Mrs Easton said: "I was in the land army for six years and every minutes, it was joyful.

"We did have a meeting at the Royal Albert Hall with the land army girls. It was lovely meeting everyone when I hadn't seen them for years and when we seen each other everyone was kissing and cuddling.

"She is lovely, lovely to talk to just like you and I. She asked us about all the jobs we did and how we enjoyed it.

"Its sad, I've lost a good friend. She's lovely."

The Queen was the first female member of the Royal Family to join the Armed Services as a full-time active member.

During her time in the Auxiliary Territorial Service during the second world war, the then Princess drove and maintained army vehicles.
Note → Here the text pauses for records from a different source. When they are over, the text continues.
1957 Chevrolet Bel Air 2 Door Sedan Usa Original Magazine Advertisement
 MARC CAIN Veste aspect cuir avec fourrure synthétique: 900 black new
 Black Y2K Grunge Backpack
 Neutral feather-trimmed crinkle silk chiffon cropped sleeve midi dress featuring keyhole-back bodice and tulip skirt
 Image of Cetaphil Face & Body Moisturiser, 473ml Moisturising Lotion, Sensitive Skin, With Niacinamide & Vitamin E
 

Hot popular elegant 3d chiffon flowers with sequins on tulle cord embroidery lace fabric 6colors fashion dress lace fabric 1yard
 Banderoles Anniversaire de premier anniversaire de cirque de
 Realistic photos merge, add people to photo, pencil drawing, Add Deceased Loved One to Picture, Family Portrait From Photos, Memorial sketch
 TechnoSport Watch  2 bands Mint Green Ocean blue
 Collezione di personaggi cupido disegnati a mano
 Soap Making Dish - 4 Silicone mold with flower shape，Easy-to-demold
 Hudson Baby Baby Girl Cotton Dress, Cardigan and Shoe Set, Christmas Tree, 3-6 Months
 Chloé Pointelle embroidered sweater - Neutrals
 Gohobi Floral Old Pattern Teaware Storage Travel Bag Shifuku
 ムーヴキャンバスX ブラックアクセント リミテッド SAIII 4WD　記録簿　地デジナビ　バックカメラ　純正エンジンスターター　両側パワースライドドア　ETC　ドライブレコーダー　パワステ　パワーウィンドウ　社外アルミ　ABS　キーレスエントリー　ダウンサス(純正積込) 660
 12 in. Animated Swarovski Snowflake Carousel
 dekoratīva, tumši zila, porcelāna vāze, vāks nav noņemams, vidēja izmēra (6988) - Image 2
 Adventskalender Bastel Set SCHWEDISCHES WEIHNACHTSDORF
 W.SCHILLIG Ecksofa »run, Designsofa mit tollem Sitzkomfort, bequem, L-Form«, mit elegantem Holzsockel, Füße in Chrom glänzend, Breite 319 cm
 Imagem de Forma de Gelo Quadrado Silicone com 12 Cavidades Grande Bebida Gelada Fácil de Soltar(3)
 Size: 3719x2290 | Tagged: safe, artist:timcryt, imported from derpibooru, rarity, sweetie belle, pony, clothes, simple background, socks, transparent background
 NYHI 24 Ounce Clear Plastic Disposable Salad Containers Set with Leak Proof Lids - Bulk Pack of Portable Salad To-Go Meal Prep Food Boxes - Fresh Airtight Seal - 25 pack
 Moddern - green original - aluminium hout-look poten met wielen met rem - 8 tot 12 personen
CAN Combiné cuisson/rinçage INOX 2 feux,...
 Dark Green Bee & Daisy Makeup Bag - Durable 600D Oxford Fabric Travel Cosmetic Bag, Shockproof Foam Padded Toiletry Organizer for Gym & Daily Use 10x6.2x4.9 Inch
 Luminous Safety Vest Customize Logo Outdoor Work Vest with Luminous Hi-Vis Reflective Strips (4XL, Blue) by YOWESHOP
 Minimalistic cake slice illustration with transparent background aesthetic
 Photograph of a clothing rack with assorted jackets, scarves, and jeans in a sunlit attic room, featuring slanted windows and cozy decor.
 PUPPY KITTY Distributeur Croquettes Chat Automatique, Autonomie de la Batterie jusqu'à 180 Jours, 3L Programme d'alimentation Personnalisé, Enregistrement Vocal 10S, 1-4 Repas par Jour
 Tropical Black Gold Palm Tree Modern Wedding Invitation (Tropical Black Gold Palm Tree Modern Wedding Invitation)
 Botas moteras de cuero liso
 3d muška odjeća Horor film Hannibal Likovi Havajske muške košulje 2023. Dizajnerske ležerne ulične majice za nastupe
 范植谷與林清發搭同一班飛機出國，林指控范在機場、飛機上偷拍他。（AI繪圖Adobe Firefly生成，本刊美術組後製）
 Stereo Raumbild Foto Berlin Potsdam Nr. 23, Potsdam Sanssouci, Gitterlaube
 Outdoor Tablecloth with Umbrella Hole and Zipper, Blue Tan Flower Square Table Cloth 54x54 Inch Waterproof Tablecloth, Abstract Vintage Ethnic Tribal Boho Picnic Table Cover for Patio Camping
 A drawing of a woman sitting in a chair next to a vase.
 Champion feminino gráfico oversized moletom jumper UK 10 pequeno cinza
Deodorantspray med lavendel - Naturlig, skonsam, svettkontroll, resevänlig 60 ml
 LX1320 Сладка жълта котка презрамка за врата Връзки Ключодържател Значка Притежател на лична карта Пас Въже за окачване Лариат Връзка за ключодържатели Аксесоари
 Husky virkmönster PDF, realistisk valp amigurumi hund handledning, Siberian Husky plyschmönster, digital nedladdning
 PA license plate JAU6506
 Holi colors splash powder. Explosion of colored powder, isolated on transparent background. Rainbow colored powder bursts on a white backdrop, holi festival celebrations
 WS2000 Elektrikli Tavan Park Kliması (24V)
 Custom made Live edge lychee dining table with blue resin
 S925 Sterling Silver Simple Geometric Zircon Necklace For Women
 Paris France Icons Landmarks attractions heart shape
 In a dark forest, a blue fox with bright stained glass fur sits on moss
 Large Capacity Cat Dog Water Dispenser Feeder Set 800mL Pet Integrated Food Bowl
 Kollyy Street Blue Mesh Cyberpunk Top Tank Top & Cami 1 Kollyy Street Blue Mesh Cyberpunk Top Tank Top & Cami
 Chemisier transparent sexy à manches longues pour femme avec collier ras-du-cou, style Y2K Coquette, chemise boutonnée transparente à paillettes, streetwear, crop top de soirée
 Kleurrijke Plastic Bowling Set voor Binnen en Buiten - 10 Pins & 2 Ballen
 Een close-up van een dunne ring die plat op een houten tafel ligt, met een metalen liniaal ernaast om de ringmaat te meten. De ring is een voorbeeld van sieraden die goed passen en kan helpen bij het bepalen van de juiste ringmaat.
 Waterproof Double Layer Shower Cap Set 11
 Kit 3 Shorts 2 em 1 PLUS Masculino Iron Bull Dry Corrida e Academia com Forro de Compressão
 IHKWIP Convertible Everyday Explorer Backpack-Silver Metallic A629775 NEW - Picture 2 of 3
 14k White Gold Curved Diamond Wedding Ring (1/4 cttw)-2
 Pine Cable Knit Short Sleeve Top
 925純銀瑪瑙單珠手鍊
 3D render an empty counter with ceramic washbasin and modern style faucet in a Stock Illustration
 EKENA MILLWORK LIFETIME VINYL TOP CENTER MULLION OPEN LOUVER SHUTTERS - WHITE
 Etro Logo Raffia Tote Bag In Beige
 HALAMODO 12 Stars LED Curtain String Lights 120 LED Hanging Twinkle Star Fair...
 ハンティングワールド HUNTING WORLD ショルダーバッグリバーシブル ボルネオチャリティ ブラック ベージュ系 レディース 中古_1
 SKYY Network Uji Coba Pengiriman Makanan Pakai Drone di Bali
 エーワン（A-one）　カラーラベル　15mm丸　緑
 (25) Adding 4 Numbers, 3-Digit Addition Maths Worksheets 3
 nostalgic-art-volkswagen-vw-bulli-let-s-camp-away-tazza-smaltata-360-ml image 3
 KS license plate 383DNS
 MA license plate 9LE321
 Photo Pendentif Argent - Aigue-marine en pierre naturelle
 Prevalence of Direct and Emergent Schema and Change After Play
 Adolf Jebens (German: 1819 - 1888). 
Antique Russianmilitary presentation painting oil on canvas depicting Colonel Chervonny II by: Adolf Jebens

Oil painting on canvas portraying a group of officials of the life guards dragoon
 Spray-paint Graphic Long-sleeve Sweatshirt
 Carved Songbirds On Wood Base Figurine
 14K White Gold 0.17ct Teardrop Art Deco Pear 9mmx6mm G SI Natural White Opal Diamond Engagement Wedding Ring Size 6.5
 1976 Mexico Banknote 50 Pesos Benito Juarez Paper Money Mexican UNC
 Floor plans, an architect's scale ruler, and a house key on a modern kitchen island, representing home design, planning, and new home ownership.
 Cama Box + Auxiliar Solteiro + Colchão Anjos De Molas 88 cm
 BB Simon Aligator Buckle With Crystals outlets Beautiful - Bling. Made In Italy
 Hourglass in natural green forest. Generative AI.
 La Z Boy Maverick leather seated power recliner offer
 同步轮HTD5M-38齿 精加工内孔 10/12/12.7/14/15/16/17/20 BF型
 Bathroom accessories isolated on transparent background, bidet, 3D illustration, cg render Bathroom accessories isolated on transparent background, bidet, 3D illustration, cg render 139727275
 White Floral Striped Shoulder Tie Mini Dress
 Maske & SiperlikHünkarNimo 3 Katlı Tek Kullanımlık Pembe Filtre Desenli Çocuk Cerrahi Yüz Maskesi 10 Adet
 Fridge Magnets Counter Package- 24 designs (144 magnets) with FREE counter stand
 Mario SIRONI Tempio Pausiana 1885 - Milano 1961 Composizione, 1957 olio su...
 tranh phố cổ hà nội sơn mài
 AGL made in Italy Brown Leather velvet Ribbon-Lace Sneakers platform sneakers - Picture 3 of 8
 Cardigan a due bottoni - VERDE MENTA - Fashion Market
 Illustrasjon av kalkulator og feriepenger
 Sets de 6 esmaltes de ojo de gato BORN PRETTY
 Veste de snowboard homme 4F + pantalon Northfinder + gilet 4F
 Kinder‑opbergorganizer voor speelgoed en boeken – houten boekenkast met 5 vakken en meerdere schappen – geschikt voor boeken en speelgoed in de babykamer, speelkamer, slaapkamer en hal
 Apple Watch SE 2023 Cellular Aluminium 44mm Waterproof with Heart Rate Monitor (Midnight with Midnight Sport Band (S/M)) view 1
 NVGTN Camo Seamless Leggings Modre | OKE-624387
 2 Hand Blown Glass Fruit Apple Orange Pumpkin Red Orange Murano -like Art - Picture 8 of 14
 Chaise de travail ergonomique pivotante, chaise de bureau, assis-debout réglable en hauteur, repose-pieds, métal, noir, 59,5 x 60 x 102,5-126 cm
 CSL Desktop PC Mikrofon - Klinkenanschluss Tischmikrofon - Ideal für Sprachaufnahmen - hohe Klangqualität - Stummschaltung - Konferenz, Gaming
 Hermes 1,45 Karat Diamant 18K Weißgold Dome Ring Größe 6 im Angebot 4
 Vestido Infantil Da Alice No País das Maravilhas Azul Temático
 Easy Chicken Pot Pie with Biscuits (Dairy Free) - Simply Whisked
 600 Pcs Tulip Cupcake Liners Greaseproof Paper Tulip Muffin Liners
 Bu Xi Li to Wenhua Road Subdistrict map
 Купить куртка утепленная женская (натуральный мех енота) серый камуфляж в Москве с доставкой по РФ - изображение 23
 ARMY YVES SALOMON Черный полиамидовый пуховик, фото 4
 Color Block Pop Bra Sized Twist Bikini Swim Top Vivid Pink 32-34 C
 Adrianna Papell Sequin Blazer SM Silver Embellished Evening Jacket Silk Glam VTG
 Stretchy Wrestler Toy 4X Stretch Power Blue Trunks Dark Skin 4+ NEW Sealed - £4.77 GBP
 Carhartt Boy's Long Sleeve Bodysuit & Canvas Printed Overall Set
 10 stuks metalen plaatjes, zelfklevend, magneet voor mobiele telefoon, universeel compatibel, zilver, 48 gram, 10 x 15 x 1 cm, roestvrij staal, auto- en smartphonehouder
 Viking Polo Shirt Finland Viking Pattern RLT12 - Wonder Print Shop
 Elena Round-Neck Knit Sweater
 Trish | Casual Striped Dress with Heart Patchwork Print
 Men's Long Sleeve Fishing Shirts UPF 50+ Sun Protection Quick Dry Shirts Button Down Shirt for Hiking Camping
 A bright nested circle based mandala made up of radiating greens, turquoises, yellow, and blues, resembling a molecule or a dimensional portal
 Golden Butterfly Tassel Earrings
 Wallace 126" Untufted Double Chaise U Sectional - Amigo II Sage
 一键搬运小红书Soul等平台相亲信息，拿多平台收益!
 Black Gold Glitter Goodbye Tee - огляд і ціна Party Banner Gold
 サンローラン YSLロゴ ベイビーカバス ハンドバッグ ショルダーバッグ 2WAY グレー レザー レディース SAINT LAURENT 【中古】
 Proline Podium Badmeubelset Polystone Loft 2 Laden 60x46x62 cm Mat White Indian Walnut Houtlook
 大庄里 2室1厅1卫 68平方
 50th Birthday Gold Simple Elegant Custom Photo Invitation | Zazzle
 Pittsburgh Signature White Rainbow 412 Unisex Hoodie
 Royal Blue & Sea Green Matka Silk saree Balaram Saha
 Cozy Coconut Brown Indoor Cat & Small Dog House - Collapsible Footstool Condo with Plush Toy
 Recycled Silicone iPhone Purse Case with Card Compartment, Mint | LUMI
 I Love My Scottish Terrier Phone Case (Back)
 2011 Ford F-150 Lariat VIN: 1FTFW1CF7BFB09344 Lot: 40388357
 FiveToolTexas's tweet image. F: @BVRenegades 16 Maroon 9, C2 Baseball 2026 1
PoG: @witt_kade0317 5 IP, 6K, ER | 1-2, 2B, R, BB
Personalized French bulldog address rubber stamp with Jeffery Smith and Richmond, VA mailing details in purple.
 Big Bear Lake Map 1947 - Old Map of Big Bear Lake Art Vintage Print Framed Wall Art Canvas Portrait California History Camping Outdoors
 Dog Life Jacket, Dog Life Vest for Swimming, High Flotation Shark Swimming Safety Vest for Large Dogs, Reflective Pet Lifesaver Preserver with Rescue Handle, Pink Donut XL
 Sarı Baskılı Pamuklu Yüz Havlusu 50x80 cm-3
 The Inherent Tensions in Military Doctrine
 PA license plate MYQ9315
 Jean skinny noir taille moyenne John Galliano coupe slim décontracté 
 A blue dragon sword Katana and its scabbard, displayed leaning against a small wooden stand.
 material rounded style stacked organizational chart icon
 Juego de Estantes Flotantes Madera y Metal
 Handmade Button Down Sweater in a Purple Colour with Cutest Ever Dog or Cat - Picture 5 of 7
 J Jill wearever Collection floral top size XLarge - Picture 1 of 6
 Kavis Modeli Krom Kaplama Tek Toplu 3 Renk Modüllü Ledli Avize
Mr Hall met the Queen twice, once at the Royal Albert Hall while he was in the forces at a Royal Commander performance and once at the Centre for Life in Newcastle.

He said: "I played for the Queen in the band with hundreds of other people at the Royal Albert Hall.

"I was working at the Centre for Life. My job was to escort her to the lift because she was extremely interested in the medical research that was going to go on there."

Former charity worker Theresa Crawford met her at a Buckingham palace garden party.

She said: “It is very emotional, you know having her passing. She was always interested in the person she was talking to.

"We’re really sorry she’s gone because she was the one constant thing, ever since I was eight."

Mary Mennell remembers when the Queen came to the North East to open the millennium bridge. 

She said: "My granddaughter was there with her school so we saw her right close up. All the school children were lining the bridge and she walked through the middle and it was just absolutely lovely. "

Glennis Young the group co-ordinator said the recent sessions have been particularly important with most of the members living on their own.

She said: “They’re all very respectful and they're going to feel that loss because it is someone they’ve grown up with.

"I think when things are on the TV, 24 hours like it has been it is very prominent on our minds and as you get to a certain age you need to make sure you are active and they come out they have a laugh."